ABSTRACT: Criminalising Dissent in the ‘War on Terror’
On 27th December 2008, Israeli forces launched ‘Operation Cast Lead’, a three-week military incursion on the Gaza Strip resulting in the deaths of over 1,400 Palestinians and the injury of thousands more. This attack by the world’s fourth largest military power on a largely defenceless civilian population triggered a wave of protests, vigils and occupations throughout the world and in the UK culminated in the largest demonstration in support of the Palestinian people in British history.
The police responded to these protests with violent policing on a scale that had not been seen in the UK for over a decade. While pro-Palestinian protesters in Egypt, Jordan and Syria were beaten back with batons and tear gas, protesters in London were greeted at the Israeli Embassy by scores of riot police fully equipped with dogs, horses, batons and long shields. Immediately following the demonstrations, the police launched ‘Operation Ute’ and images of ‘wanted’ protesters were printed on the front pages of local and national newspapers accompanied by sensationalist headlines warning of a ‘violent Islamic backlash’ from ‘Muslim fanatics’.

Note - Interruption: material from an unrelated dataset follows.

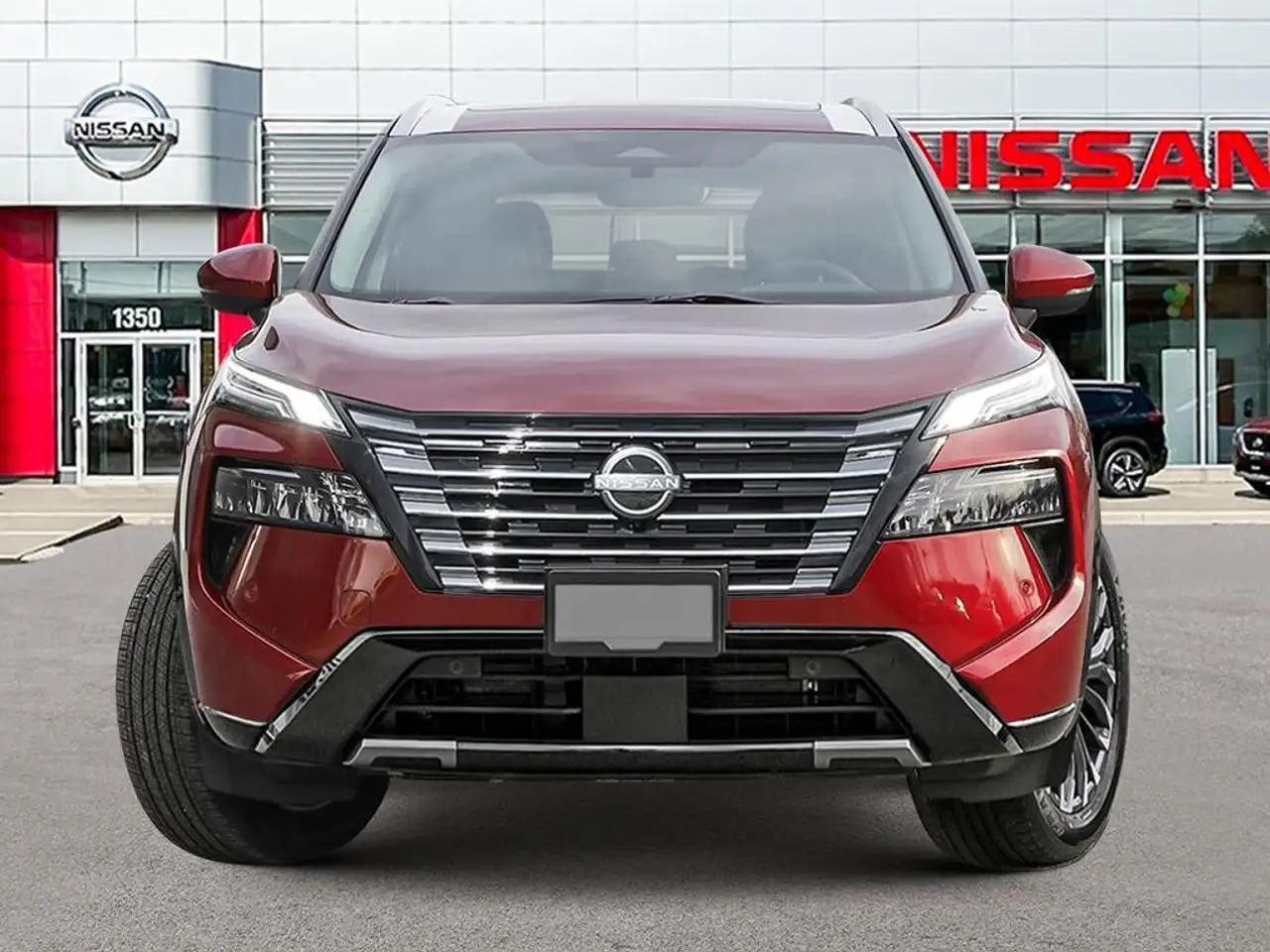 Nissan Rogue снимка Nissan Rogue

This paper presents some of the findings of an extensive ethnographic study of the protests and their aftermath, arguing that the state’s response to the Gaza war protests was fuelled by a continuous cycle of moral panic constructing Muslims as an inherently ‘suspect’ community and pervasive ‘threat’ to the West and legitimized by an establishment political discourse which presents the engagement of Muslims within broad political movements as illegitimate. Whilst those Muslim groups who support government practices are labeled as ‘moderate’ and rewarded with significant financial gain, those who criticize it are isolated as ‘extremist’ and subject to intrusive levels of state surveillance and criminalization. In an attempt to depoliticize Muslims and restrict radical dissent, Muslims are constructed as dangerous ‘outsiders’, to be excluded from political engagement other than that which is proscribed by the state.